Cent fois, on a cru abandonnés ces deux projets, aux esquisses de concours spectaculaires et prévus pour être construits en pont au-dessus du vide du boulevard périphérique dans le XVIIe arrondissement. Et cent fois, la rumeur a été démentie. Il n’en reste pas moins que le Tribunal administratif a annulé les permis de construire des deux opérations en juillet 2021, à la suite de la saisine d'associations de défense de l'environnement. Mais l’épopée continue puisque la Ville a fait appel.
• Deux chantiers à l’horizon
Pour les projets «Réalimenter Masséna», dans le XIIIe, et «Etoile Voltaire», dans le XIe, les chantiers sont enfin en vue. Pour la première opération (Hertel, architecte : Lina Ghotmeh), qui prévoit d’investir une gare de la Petite Ceinture et d’y adjoindre une petite tour en bois aux balcons débordant de végétation, pour y accueillir toutes sortes de spécialistes de l’alimentation, le démarrage des travaux est promis pour le premier trimestre de 2023.
La seconde, qui vise à glisser une Maison du cinéma dans une ancienne sous-station électrique, entra aussi en chantier l’an prochain. En juin 2017, le projet avait été retardé par l’annulation par le tribunal administratif de l’attribution du projet à l’équipe lauréate formée par la société Étoile Cinémas, accompagné par l’architecte Olivier Palatre. Jugement à son tour annulé par la Cour administrative d’appel, neuf mois plus tard.
• Huit zones de travaux
D’abord connu sous le nom de code «In vivo», le projet de logements et de laboratoires «Alguésens» est entré en chantier en janvier dernier dans le secteur Paris-Rive-Gauche, dans le XIIIe arrondissement. Conçu par les agences X-TU et Mu pour BDP Marignan et SNI, il doit se décliner en trois bâtiments reconnaissables leurs façades arborant des arbres, des potagers… ou des micro algues. Toujours dans le XIIIe, le projet mi-culturel et mi-commercial «Italik» est, lui, mi-ouvert et mi-en chantier (Hammerson, architectes : L35 Architectos et Ory & Associés).

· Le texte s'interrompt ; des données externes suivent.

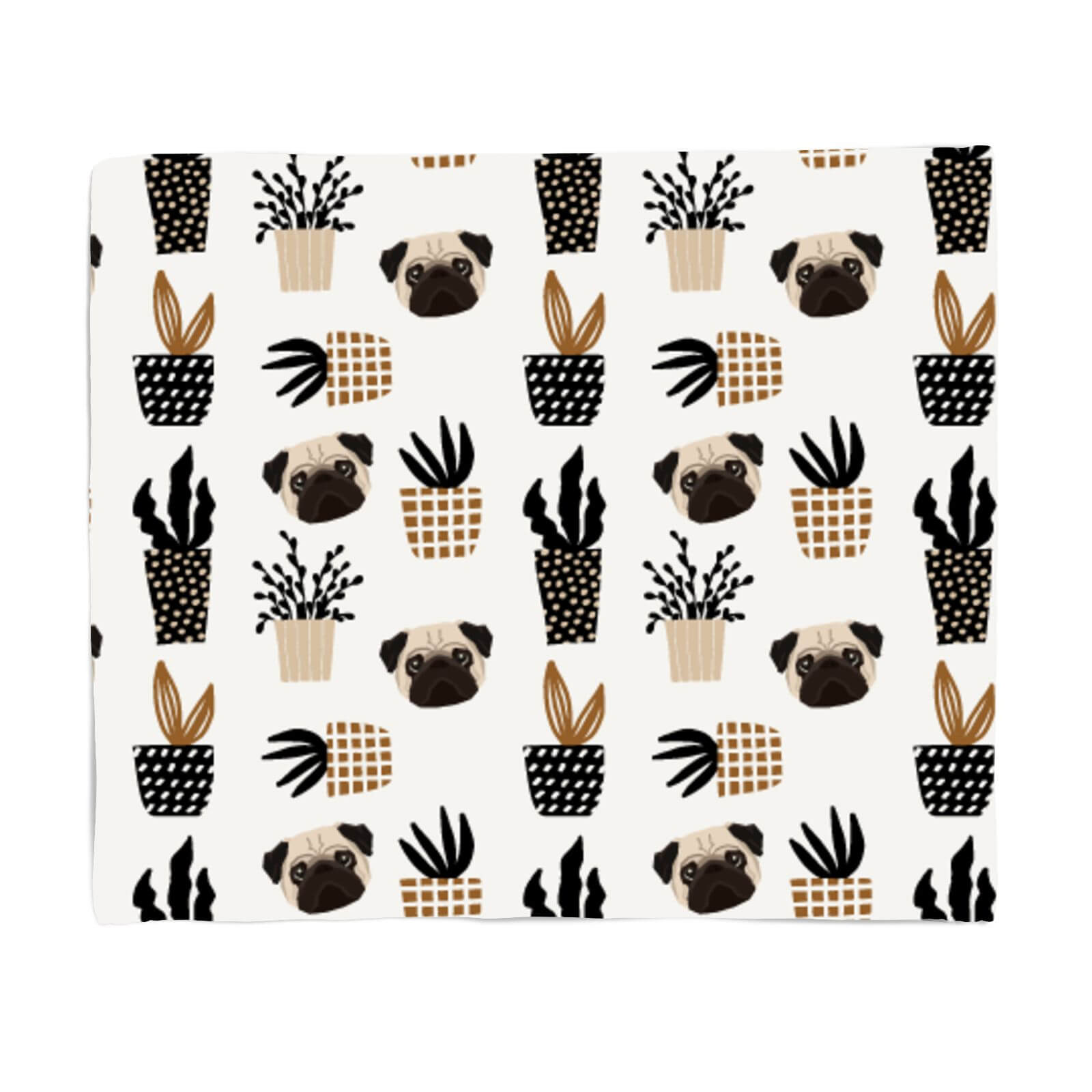 Pug & Cactus Fleece Blanket - S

Les mois à venir seront marqués par de multiples livraisons comme celle de l’hôtel de Coulanges dans le Marais (IVe) qui à l’automne deviendra le «hub» créatif «Collectif Coulanges». Grâce à l’équipe formée par Patrick Hazan avec les architectes Sahuc & Katchoura et François Chatillon, l’édifice historique de la rue des Francs-Bourgeois regorgera à l’automne de showrooms, coworkings et pop-up stores…
Sont également annoncées pour cette année les livraisons du projet mixte réalisé par l’architecte Pablo Katz dans l’ancien conservatoire du XIIIe arrondissement pour la SAS Relais d’Italie, les logements pour étudiants à bas coût «Noc 42», boulevard Bessières dans le XVIIe (42, École des métiers numériques fondée par Xavier Niel et NJJ immobilier, architectes : AR studio d’architecture), la «plateforme de vie 24 h/24» de 16 000 m² «Stream Building», soit un hôtel tertiaire agrémenté entre autres choses d’agriculture urbaine et construit par Philippe Chiambaretta pour Covivio et Hines, à la porte de Clichy (XVIIe), et «La Serre habitée», d’autres logements pour étudiants réalisés par VSA et l’architecte Vincent Saulier pour ICF La Sablière.
Enfin, dès la fin de ce mois de juin, l’essentiel du nouveau petit quartier de «L’Ilot fertile» dans le XIXe arrondissement sera livré. Dans une emprise enserrée entre les voies ferrées, au pied de la station de RER Rosa-Parks, l’agence d’architecture TVK a réalisé pour Linkcity une collection d’immeubles en pierre massive autour d’une rue-jardin aménagée par OLM paysagistes. Cette voie piétonne a été rendue à l’espace public le 31 mai et est désormais ouverte à tous les Parisiens.